The facts of Lamps Plus are straightforward. An employee had signed an arbitration agreement upon being hired to work for Lamps Plus. After a data breach, the employee sued Lamps Plus in federal court. Lamps Plus filed a motion to compel individual arbitration, and the district court granted the motion to compel but authorized arbitration on a class basis. The Ninth Circuit affirmed, reasoning that the arbitration provision was ambiguous as to class arbitration and must be construed against the employer under California’s contra proferentem rule that ambiguities in a contract must be construed against the drafter.
The Supreme Court reversed. The Court accepted the Ninth Circuit’s conclusion that the arbitration provision was ambiguous, and went on to hold that an ambiguous agreement cannot provide the necessary contractual basis for compelling class arbitration.
Previously, in Stolt-Nielsen v. AnimalFeeds Int’l Corp., the Supreme Court had held that “a court may not compel arbitration on a classwide basis when an agreement is silent on the availability of such arbitration.” Stolt-Nielsen reaffirmed that arbitration “is a matter of consent.” Because class and individual arbitration fundamentally differ, the Court had concluded, there must be an “affirmative contractual basis for concluding that the party agreed” to class arbitration.

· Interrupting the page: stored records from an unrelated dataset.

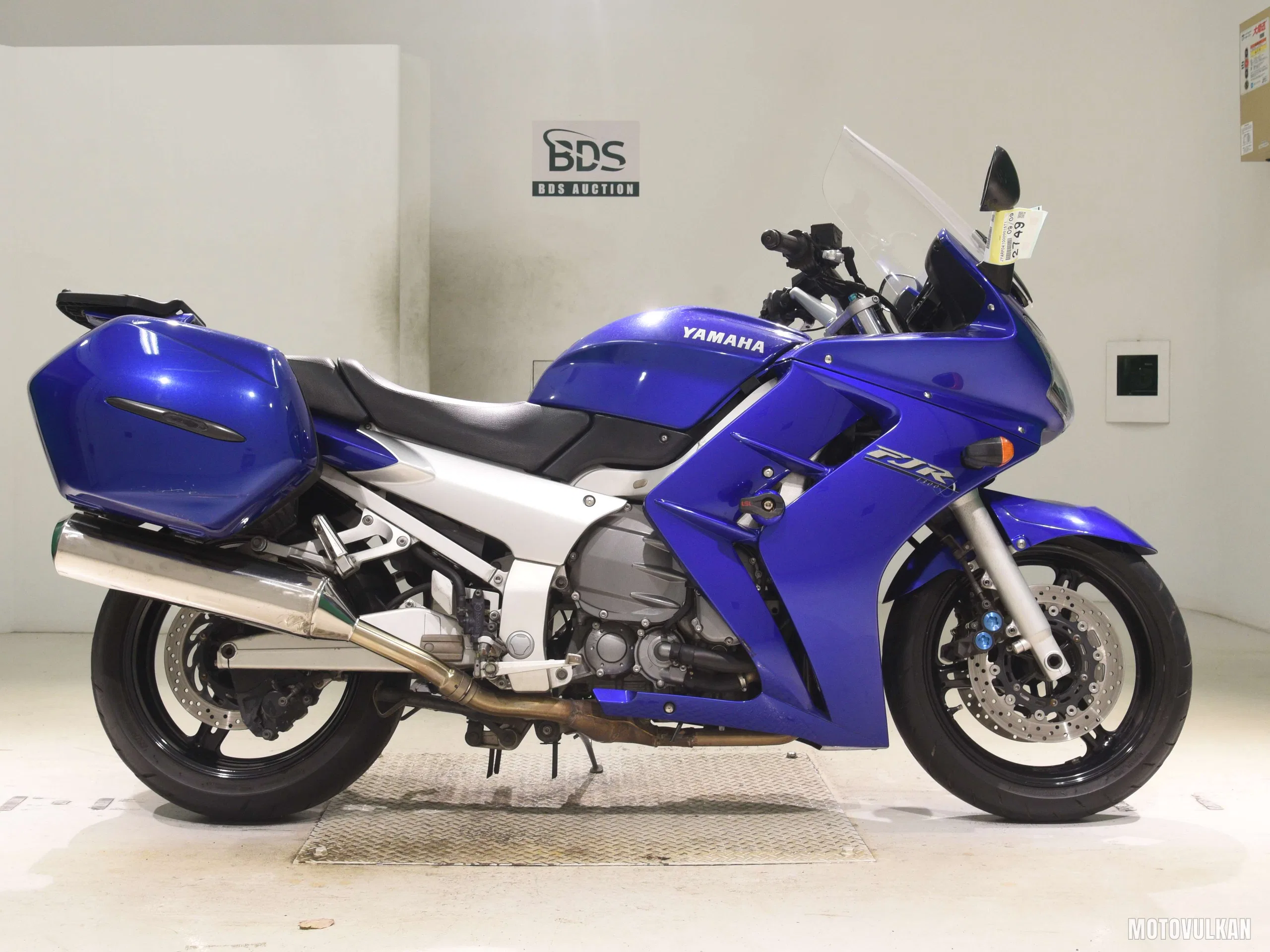 Yamaha FJR1300
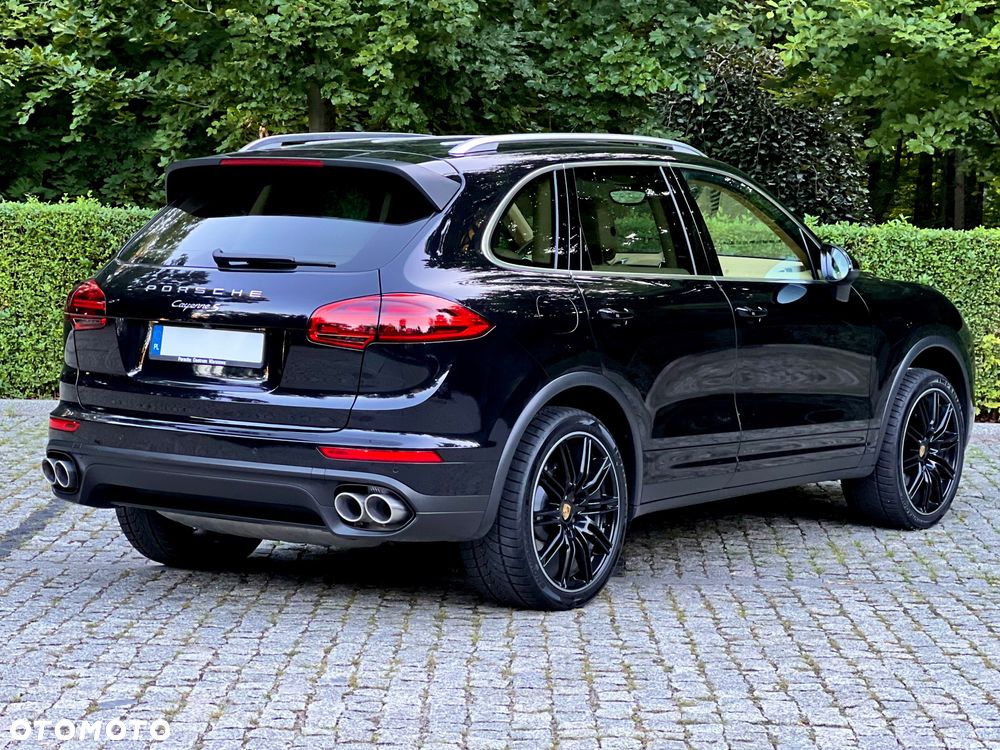 Porsche Cayenne S Diesel - 18
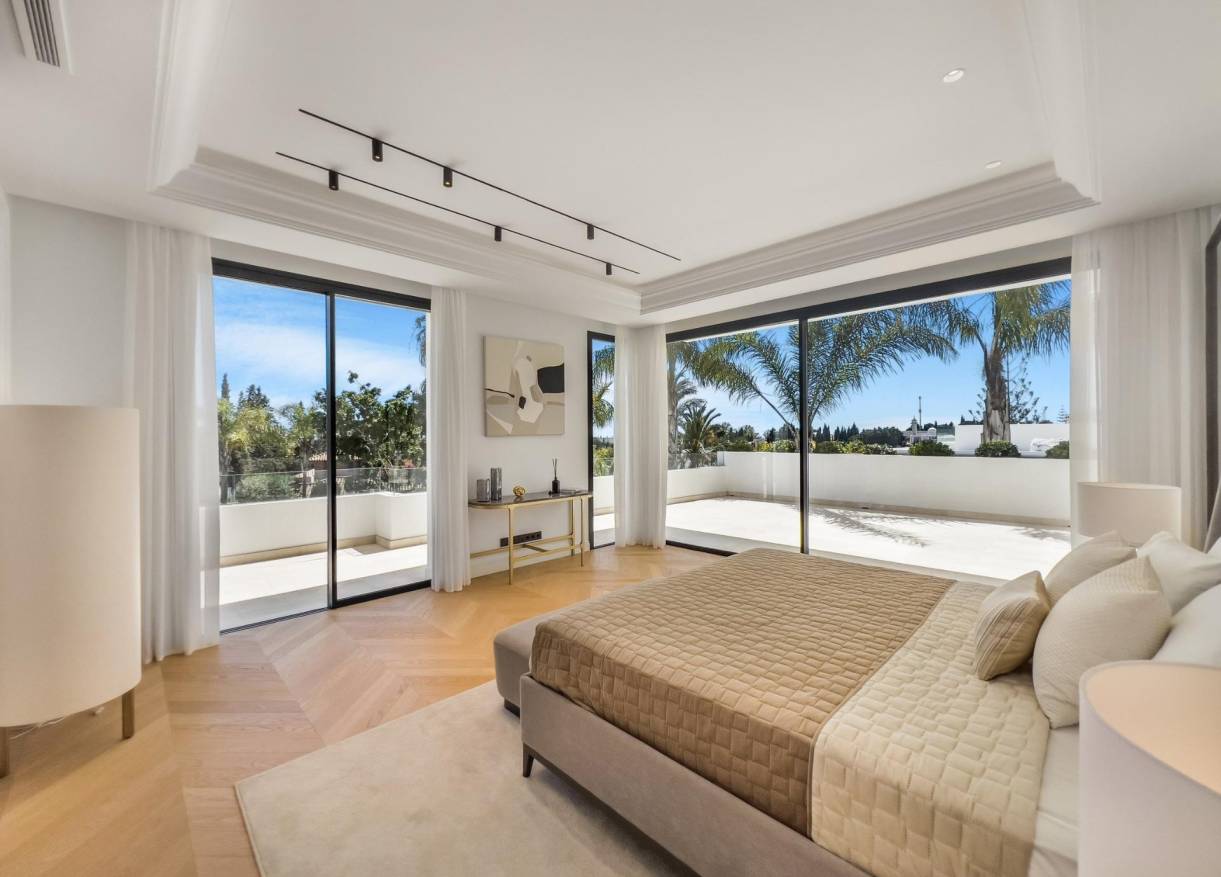 Nieuwbouw - Villa - Marbella - Lomas De Marbella Club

The Court concluded that Stolt-Nielsen controlled the question raised in Lamps Plus.
Like silence, ambiguity does not provide a sufficient basis to conclude that parties to an arbitration agreement agreed to sacrifice the principal advantage of arbitration.
The majority concluded that the Ninth Circuit erred by relying on the doctrine of contra proferentem to compel class arbitration. That doctrine applies only as a rule of last resort, when the intent of the parties cannot be discerned by ordinary methods of interpretation. That is, the doctrine provides a default rule rather than a method of ascertaining the intent of the parties. Under AT&T Mobility v. Concepcion, however, state law may not “manufacture” class arbitration absent the parties’ consent. Thus, the Court held that the “contra proferentem rule cannot be applied to impose class arbitration in the absence of the parties’ consent.”
Lamps Plus firmly rejects lower courts’ attempts to read Stolt-Nielson narrowly. The Ninth Circuit was not alone in reading that case as limited to its facts. The First Circuit also, in Fantastic Sams Franchise Corp. v. FSRO Assoc., had concluded that Stolt-Nielsen did not require “express contractual language evincing the parties’ intent to permit class or collective arbitration.” The First Circuit’s narrow view of Stolt-Nielsen, along with that of the Ninth Circuit, has now been expressly repudiated by the Supreme Court.